They're also very private. Neighbors said they had no idea how many people live in the schoolhouse or whether there are any children there. Heddon estimated 10 to 12 people lived there seven months ago, most of them adults, a few in their teens. Eight years ago, the group had 25 to 30 members in Sacramento, California, according to news reports.

The group's leaders, Deborah and Jim Green, call themselves "generals." They wrote and published a tabloid newspaper called The Battle Cry in Sacramento, and now publish Wisdom's Cry in Berino. Distributed free by group members and through the mail, the newspaper criticizes other religions, forecasts impending doom for mankind and calls upon group members, God's chosen "soldiers," to carry on.
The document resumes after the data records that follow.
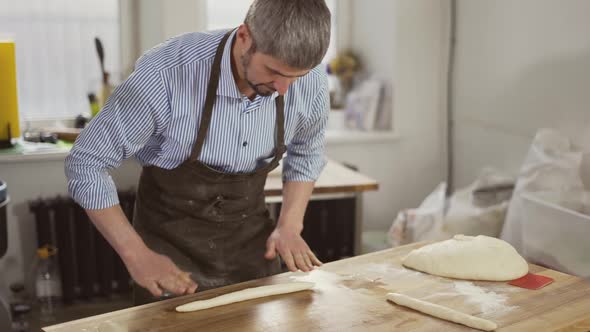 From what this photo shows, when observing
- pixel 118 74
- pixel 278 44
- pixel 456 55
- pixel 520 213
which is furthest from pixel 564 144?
pixel 118 74

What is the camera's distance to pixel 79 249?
127 inches

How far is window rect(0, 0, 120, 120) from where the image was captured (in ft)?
10.9

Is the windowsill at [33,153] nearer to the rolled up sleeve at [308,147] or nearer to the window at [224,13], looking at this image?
the window at [224,13]

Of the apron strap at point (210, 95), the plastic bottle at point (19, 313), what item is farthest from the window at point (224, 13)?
the apron strap at point (210, 95)

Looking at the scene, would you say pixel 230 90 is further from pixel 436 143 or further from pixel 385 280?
pixel 436 143

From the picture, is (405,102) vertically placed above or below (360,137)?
above

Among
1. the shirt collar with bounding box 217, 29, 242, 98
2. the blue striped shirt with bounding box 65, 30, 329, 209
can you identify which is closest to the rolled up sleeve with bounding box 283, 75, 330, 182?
the blue striped shirt with bounding box 65, 30, 329, 209

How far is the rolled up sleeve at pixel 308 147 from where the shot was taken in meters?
1.95

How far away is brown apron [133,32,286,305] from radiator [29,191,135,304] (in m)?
1.26

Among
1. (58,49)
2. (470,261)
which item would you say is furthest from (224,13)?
(470,261)

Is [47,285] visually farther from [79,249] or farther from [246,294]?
[246,294]

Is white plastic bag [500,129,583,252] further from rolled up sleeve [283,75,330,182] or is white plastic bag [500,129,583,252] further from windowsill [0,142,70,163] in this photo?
windowsill [0,142,70,163]

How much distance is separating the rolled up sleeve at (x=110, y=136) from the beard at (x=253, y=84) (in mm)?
203

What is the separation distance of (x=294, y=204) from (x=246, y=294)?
354 mm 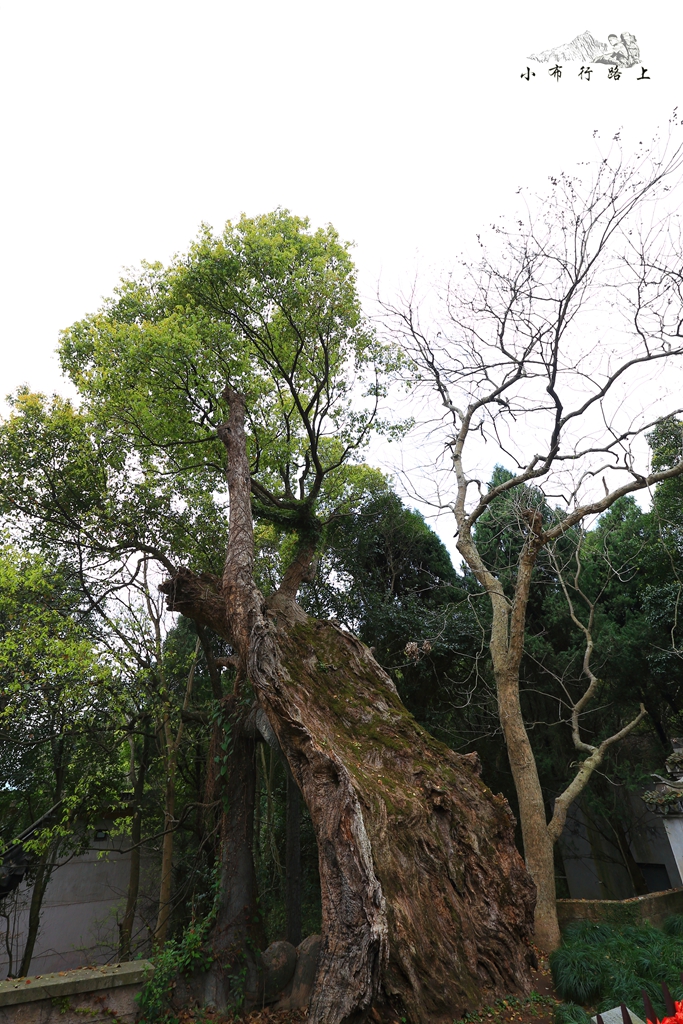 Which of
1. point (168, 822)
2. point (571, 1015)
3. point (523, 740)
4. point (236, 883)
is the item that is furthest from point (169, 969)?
point (523, 740)

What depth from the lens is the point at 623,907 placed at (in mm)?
8008

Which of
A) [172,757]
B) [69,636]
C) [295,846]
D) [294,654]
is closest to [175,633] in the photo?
[172,757]

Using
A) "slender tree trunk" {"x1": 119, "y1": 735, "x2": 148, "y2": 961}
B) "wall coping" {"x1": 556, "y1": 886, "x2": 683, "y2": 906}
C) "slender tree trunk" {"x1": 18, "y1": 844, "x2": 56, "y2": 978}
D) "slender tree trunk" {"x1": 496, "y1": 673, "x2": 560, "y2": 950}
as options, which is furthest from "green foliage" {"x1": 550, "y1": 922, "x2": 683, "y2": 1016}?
"slender tree trunk" {"x1": 18, "y1": 844, "x2": 56, "y2": 978}

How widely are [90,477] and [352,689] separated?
505 centimetres

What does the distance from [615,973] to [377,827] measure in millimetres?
2400

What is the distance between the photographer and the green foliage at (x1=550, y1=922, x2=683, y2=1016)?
4477 mm

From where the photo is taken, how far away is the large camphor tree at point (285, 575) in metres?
4.35

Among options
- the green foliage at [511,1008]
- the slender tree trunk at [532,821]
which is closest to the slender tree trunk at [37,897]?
the slender tree trunk at [532,821]

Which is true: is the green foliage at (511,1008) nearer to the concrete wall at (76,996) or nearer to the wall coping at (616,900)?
the concrete wall at (76,996)

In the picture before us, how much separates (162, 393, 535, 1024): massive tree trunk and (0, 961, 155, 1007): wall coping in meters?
2.11

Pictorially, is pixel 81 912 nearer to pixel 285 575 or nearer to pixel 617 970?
pixel 285 575

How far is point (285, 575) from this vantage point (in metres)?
8.47

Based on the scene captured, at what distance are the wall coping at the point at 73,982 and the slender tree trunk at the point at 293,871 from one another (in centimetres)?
308

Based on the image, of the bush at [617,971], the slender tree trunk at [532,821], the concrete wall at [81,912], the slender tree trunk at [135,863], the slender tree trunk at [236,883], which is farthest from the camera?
the concrete wall at [81,912] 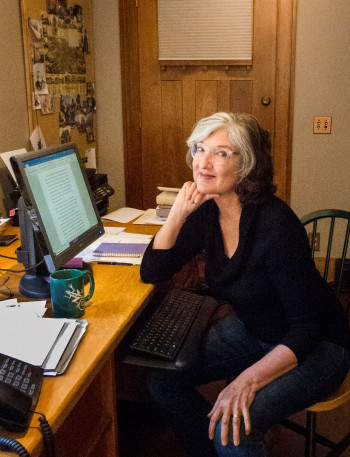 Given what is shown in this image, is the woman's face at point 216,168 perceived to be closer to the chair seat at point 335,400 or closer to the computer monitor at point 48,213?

Critic casts doubt on mission

The Greens are intelligent, crafty people who have become adept at controlling others, said Robert Blasier, a Sacramento lawyer. He said he has represented parents of several group members. Today, he is part of the defense team at the O.J. Simpson trial in Los Angeles.

Deborah Green, who went by the name Lila Green in Sacramento, is especially convincing, Blasier said.

"Lila Green is the real power behind the group," he said. "She's one of those people you look in the eyes and you feel real strange - a Charlie Manson type."

In the El Paso-Las Cruces area, the group's only obvious contacts with the public are through its publications and when members go out into communities to sell bread. If it weren't for its past, the Aggressive Christianity Missions Training Corps might be described as a group of model Berino citizens minding its own business.

Ministry history

In 10 years, the ministry has lived in five different compounds in three states and has changed its name at least three times.

In Sacramento, parents picketed the group's headquarters in the 1980s, claiming children were being recruited and brainwashed, according to a new account in the Sacramento Bee. In 1989, the ministry lost a $1 million lawsuit by default to a former member who said she was brainwashed, imprisoned and forced to divorce her husband and surrender legal custody of her four children. The group called itself Free Love Ministries then, and sometimes the Aggressive Christianity Missions Training Corps in its newspaper.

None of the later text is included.